Freddie Mac’s most recent Primary Mortgage Market Survey shows that a jump this past week in the personal consumption expenditure (PCE) — the price index tracked most closely by the Fed — raised the prospect that inflation might not have gone by the wayside after all. Investors reacted by driving the yield on the 10-year Treasury to its highest point since June, while the 30-year mortgage rate jumped 7 basis points to 3.54 percent during the week, marking the largest one-week increase in more than six months.
Here’s a snapshot of Freddie Mac’s survey findings:
- The 30-year fixed-rate mortgage averaged 3.54 percent, with an average 0.5 point for the week ending Nov. 3, up from the previous week when it averaged 3.47 percent. A year ago at this time, the 30-year fixed-rate mortgage averaged 3.87 percent.

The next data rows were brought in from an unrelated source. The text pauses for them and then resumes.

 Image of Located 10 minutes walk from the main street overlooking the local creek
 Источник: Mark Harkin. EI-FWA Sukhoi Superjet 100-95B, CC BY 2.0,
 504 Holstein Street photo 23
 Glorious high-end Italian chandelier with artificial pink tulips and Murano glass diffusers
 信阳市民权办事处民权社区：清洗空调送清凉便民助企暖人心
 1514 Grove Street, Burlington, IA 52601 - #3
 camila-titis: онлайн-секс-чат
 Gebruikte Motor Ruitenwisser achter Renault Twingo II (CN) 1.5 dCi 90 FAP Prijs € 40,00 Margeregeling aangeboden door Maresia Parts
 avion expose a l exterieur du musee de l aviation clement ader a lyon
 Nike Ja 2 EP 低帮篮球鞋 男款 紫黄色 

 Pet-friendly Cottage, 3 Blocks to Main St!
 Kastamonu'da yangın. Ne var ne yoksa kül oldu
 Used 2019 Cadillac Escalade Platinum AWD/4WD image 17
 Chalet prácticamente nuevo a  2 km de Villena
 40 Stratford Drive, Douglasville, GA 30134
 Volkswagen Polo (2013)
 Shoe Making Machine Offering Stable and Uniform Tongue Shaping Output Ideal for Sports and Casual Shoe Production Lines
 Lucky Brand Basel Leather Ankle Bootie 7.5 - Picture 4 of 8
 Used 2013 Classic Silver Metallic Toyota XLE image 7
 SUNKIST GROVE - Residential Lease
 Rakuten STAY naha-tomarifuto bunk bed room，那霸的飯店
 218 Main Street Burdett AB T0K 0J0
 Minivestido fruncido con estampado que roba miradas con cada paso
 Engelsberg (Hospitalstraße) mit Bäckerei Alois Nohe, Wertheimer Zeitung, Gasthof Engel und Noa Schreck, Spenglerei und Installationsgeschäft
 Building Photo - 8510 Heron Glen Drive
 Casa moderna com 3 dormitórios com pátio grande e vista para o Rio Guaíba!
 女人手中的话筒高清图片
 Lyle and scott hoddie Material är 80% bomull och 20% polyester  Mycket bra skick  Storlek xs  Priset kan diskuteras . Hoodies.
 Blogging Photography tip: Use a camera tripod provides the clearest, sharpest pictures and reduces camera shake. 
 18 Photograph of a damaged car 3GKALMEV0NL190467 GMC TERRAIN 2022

- The 15-year fixed-rate mortgage averaged 2.84 percent, with an average 0.5 point, up from the previous week when it averaged 2.78 percent. A year ago at this time, the 15-year fixed-rate mortgage averaged 3.09 percent.
- The five-year Treasury-indexed hybrid adjustable-rate mortgage averaged 2.87 percent, with an average 0.4 point, up from the previous week when it averaged 2.84 percent. A year ago, the five-year adjustable-rate mortgage averaged 2.96 percent.